TASK BRIEF: Could you retype the lines below, starting at the line holding "Schoolbag New Summer" and stopping at the line holding "VVS 2 Diamante", inclusive? Copy them exactly and drop the images.

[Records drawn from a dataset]
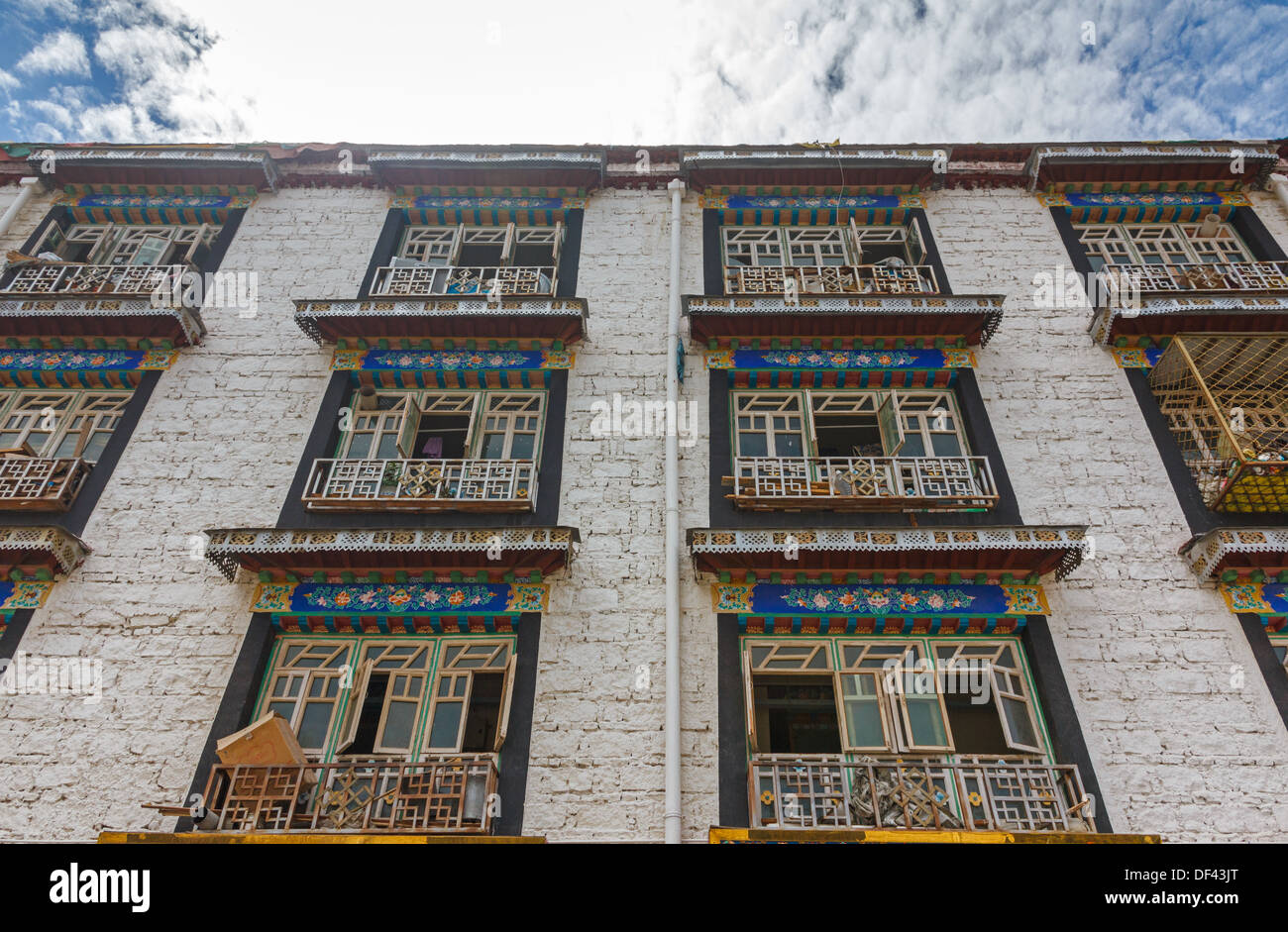 Typical traditional white Tibetan building in Lhasa, Tibet Stock Photo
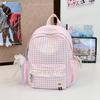 Schoolbag New Summer Lace Plaid Girl Children's Travel Backpack Primary School Bag Women's Spring Picnic Small Backpack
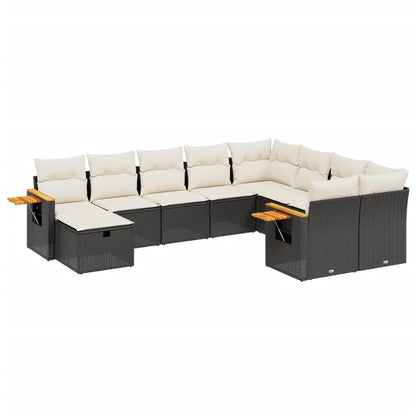 10-tlg. Garten-Sofagarnitur mit Kissen Schwarz Poly Rattan - Pazzar.ch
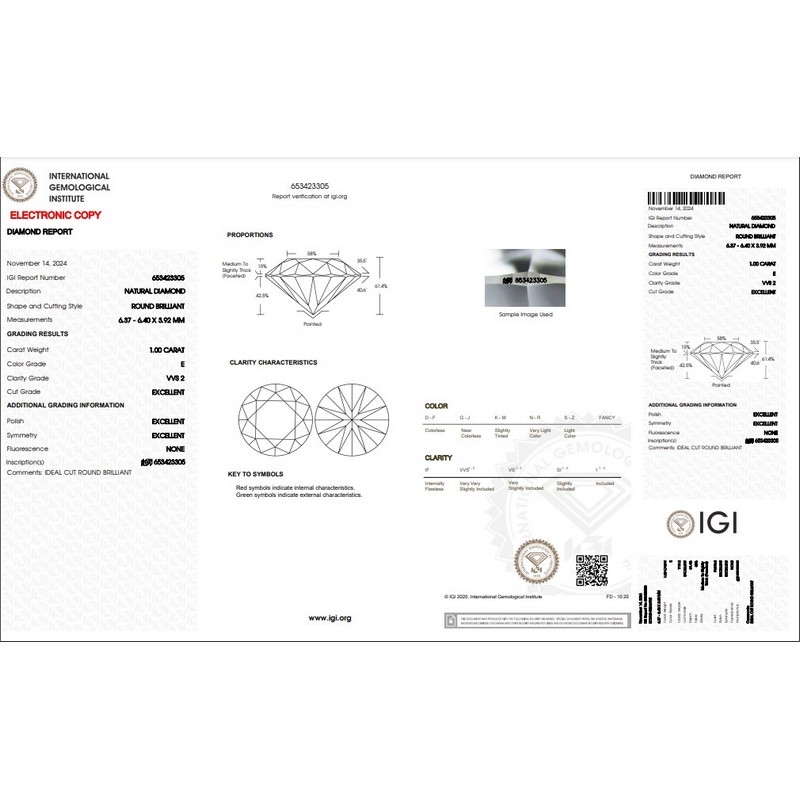 Diamante certificado IGI CT 1,00   E   VVS 2 Diamante certificado IGI CT 1,00   E   VVS 2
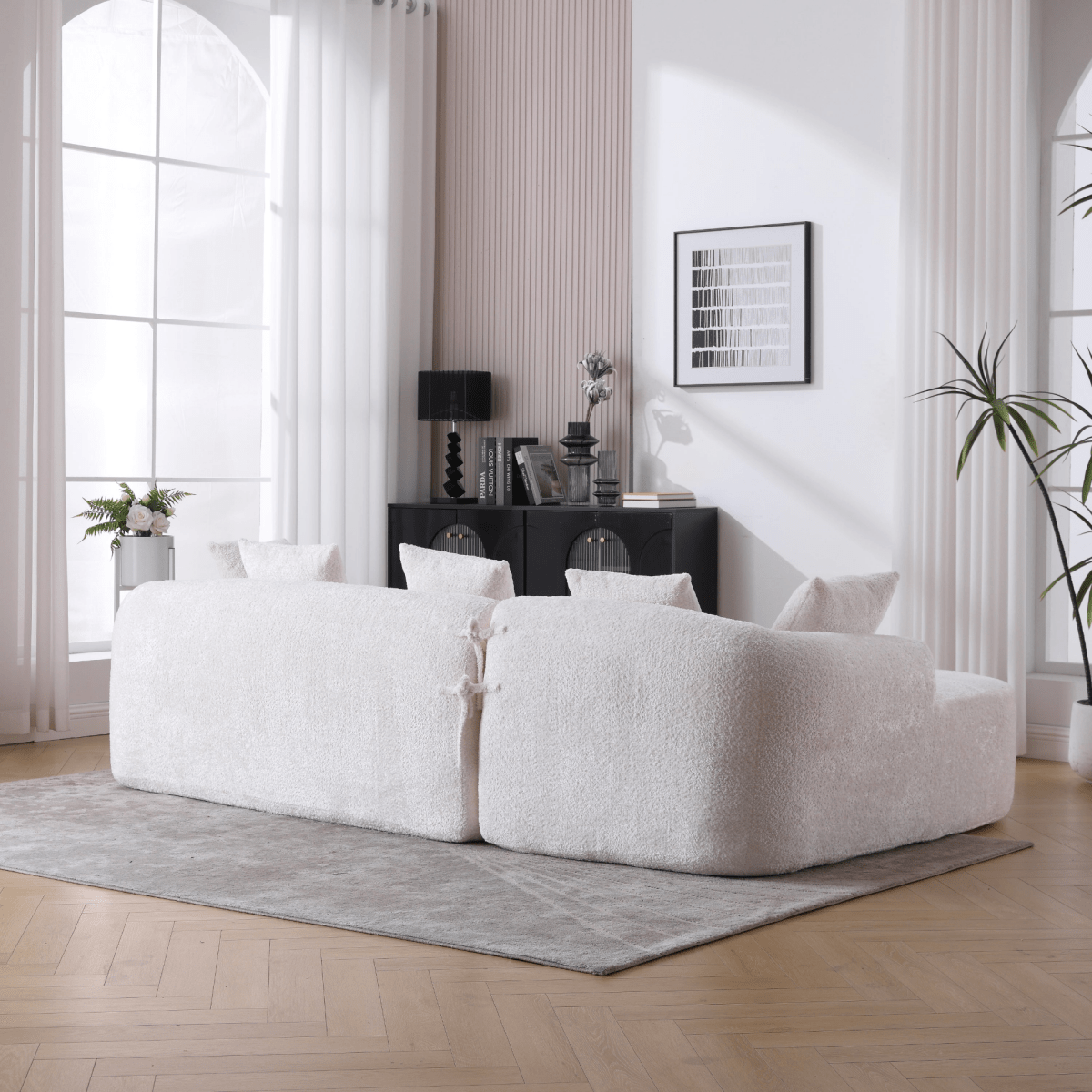 3 - Seater Boucle L - Shaped Sofa with Chaise – Beige -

RESPONSE FOR THIS EXERCISE:
 Schoolbag New Summer Lace Plaid Girl Children's Travel Backpack Primary School Bag Women's Spring Picnic Small Backpack
 10-tlg. Garten-Sofagarnitur mit Kissen Schwarz Poly Rattan - Pazzar.ch
 Diamante certificado IGI CT 1,00   E   VVS 2 Diamante certificado IGI CT 1,00   E   VVS 2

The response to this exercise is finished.